The CPI number, a main gauge of inflation, showed that the consumer market operated steadily in December, with the index remaining flat month-on-month, but slightly down from the 0.2-percent growth seen in November, according to the NBS.
The core CPI, deducting food and energy prices, rose by 0.4 percent year-on-year in December, an acceleration of 0.1 percentage point compared with November, the NBS said.
Food prices fell 0.5 percent year-on-year in December, with the prices of pork, a staple meat in China, and fresh vegetables gaining 12.5 percent and 0.5 percent year-on-year.
Non-food prices rose 0.2 percent year-on-year last month. Gold jewelry prices soared by 27.2 percent, and the prices of fossil fuel-powered cars and new-energy vehicles declined by 4.7 percent and 6 percent, respectively. Services sector prices were up by 0.5 percent in December compared with a year earlier, said the NBS.
Yang Delong, chief economist at Shenzhen-based First Seafront Fund, told the Global Times on Thursday that while the growth in consumer prices remained "moderate" in 2024, the CPI reading also showed that domestic demand still was insufficient. "Chinese policymakers have launched multiple policies to shore up domestic demand, which will lead to stable growth in consumer prices in the future," Yang added.

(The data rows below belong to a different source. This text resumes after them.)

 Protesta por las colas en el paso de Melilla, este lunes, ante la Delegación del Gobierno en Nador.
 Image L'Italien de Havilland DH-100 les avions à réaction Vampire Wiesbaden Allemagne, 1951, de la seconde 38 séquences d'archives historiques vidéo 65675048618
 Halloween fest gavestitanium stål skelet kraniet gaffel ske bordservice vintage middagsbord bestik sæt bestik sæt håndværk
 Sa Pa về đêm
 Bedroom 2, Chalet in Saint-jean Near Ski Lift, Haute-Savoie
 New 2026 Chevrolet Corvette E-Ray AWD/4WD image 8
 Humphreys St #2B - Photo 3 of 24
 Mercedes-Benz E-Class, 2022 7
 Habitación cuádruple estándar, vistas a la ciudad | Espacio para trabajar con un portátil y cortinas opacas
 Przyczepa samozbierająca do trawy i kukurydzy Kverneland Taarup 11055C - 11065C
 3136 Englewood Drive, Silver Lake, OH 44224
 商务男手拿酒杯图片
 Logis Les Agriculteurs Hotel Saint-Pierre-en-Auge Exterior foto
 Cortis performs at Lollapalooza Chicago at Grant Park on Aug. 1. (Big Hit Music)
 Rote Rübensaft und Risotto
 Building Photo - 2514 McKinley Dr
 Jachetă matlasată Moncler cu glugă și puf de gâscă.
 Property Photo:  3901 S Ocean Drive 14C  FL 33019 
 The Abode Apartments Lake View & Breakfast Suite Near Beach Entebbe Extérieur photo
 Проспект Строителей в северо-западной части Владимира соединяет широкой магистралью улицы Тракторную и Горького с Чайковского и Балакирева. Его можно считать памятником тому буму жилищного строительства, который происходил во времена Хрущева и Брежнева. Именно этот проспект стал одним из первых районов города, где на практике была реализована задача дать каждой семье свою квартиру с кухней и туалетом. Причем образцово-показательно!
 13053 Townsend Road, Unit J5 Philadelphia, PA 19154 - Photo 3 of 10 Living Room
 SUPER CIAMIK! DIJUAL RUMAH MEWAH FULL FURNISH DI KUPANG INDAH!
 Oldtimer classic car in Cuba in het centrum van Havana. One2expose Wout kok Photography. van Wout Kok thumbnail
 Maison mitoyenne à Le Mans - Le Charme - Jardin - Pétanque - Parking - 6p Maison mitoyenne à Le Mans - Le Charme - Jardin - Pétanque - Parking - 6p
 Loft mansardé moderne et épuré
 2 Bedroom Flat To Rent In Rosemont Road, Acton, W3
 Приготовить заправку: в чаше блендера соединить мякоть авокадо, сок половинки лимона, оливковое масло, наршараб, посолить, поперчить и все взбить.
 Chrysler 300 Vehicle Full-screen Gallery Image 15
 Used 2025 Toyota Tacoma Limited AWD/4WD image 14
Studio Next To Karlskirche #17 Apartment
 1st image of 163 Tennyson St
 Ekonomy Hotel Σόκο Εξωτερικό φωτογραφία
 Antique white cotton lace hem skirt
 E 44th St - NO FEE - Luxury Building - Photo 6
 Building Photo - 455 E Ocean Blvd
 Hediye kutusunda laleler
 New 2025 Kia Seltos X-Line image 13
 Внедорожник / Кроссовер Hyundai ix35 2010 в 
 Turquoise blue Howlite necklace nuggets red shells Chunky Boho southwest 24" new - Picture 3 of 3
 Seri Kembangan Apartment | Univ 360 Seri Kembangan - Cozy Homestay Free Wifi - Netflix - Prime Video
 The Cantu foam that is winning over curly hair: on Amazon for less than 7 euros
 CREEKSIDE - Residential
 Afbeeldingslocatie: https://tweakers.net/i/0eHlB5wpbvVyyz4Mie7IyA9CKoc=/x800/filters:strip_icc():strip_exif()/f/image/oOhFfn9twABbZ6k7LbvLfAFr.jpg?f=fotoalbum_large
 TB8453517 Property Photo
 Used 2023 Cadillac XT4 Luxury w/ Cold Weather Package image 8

He Xiaoying, an official at the National Development and Reform Commission, China's top economic planner, said that China will implement more proactive fiscal policies and moderately loose monetary policies in 2025, with a particular emphasis on boosting consumption and comprehensively expanding domestic demand. As such, the overall price level this year is expected to continue to return to a reasonable range, according to a report by China Central Television on Thursday.
The NBS also revealed that China's producer price index (PPI), which measures production costs at the factory gate, went down by 2.3 percent year-on-year in December.
The price decline in December, which the NBS attributed to factors such as industries entering the traditional off-season for production, as well as the transmission of price fluctuations on the international market, showed a sign of improvement as the index narrowed by 0.2 percentage points from November.
For the full year of 2024, the PPI declined 2.2 percent year-on-year, as against the 3-percent drop in 2023.